Chapter 1: The “Deal of the Century”

Despite the early controversy associated with the French-Australian contract, the deal itself made quite a lot of sense for both countries respective to their interests and strategies for the region. In fact, it was overtly celebrated as such. For that reason, it boggles the mind that the Australians would eventually abandon the project for a contradictory one. To be fair, the deal itself was never without road bumps and hiccups. But the source of friction was intrinsic to the conflicts within Australian partisan politics and fits squarely in the failure of Australians to define their role and purpose in their region. So, what was this so-called “deal of the century”, and why was it so flippantly abandoned? 

The deal awarded to the French included the design of an Australian industry-friendly Shortfin Barracuda; a spacious, diesel-electric submarine capable of traveling 18,000 nautical miles for 80 days, altered with a pump-jet propulsion system that would be quieter than the traditional propeller system and outfitted with a Lockheed Martin targeting system. Of the three bids, its design was the most favorable for three specific reasons: 1.) The range, speed, size, and experience of the submarine outmatched those of Germany and Japan; 2.) The French Naval Group was willing to source much of the construction from Australian industry; and 3.) The technology of the submarine was the most compatible with American-backed systems and could be implemented to significantly improve Australia’s existing, home-built Collins class fleet. That, and the French opened billboards in Adeleide, Australia promising over 2,900 jobs at home. 

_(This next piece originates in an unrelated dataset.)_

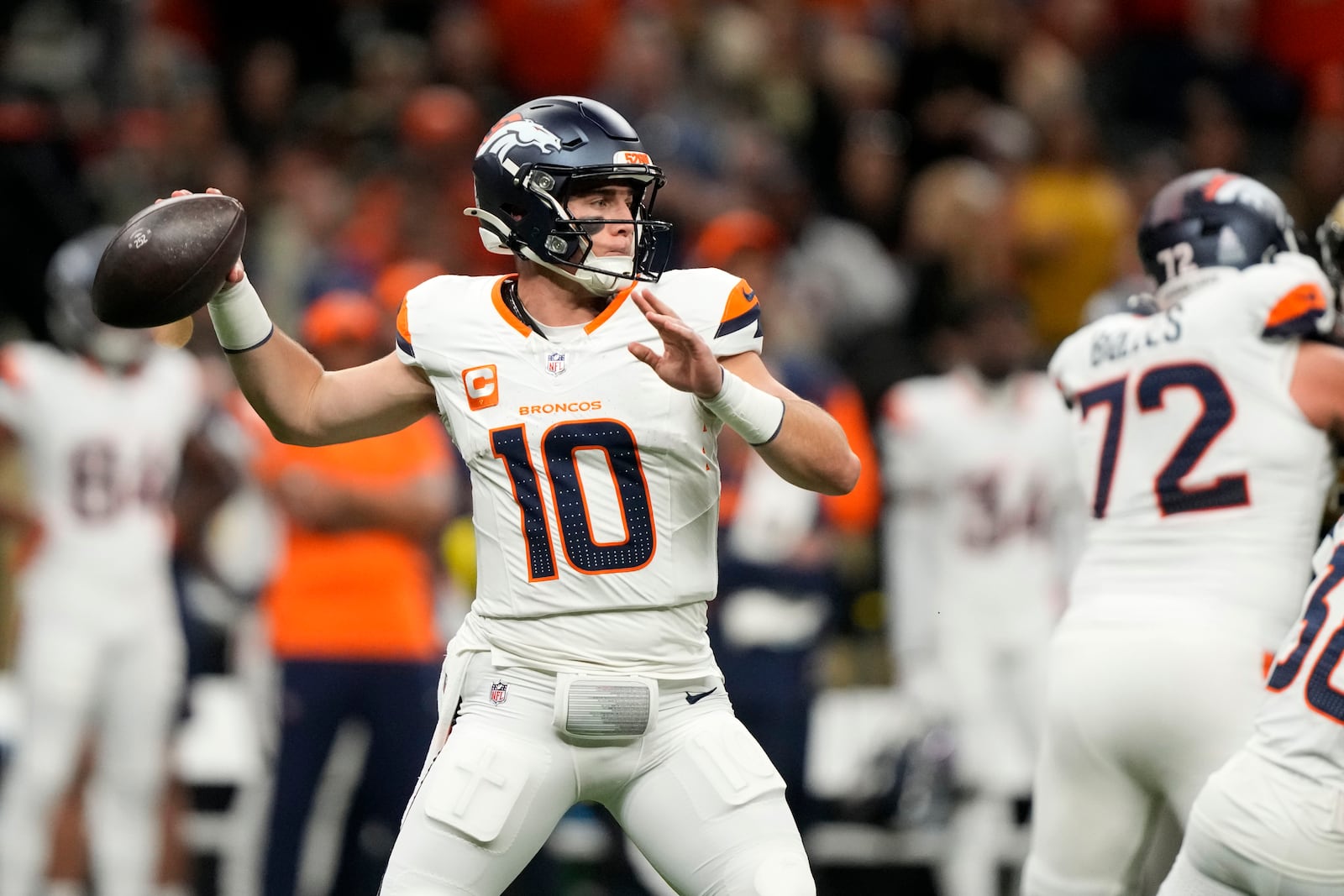 Denver Broncos quarterback Bo Nix throws a pass during the first half of an NFL football game against the New Orleans Saints, Thursday, Oct. 17, 2024, in New Orleans. (AP Photo/Gerald Herbert)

The French design was also the best suited for the outline in Australia’s 2013 “Future submarine industry skills plan”. The 2013 Defence Whitepaper listed specific priorities that were also accomplished through the French deal: 

  • Established the principle of self-reliance in deterring or defeating armed attacks on Australia; 
  • Defined Australia’s future strategic requirements as a credible maritime force sufficient to achieve greater influence and reach for stability in the Indo-Pacific region and Australian domains through primarily mission-ready, intelligence, humanitarian and disaster relief planning, and maritime training tours
  • Ruled out the consideration of nuclear-powered submarine capability; 
  • The Future Submarine Program would be built on Australia’s experience with the Collins class fleet and range of capabilities; 
  • Provided detailed analysis and feasibility studies confirming that fleet bases in Sydney and Perth would continue to meet the Royal Australian Navy’s needs for the foreseeable future; 
  • Recommended against establishing an east coast fleet base in Brisbane, citing excessive cost estimates, sustainability of continued industry, and challenges with both land and environmental factors. 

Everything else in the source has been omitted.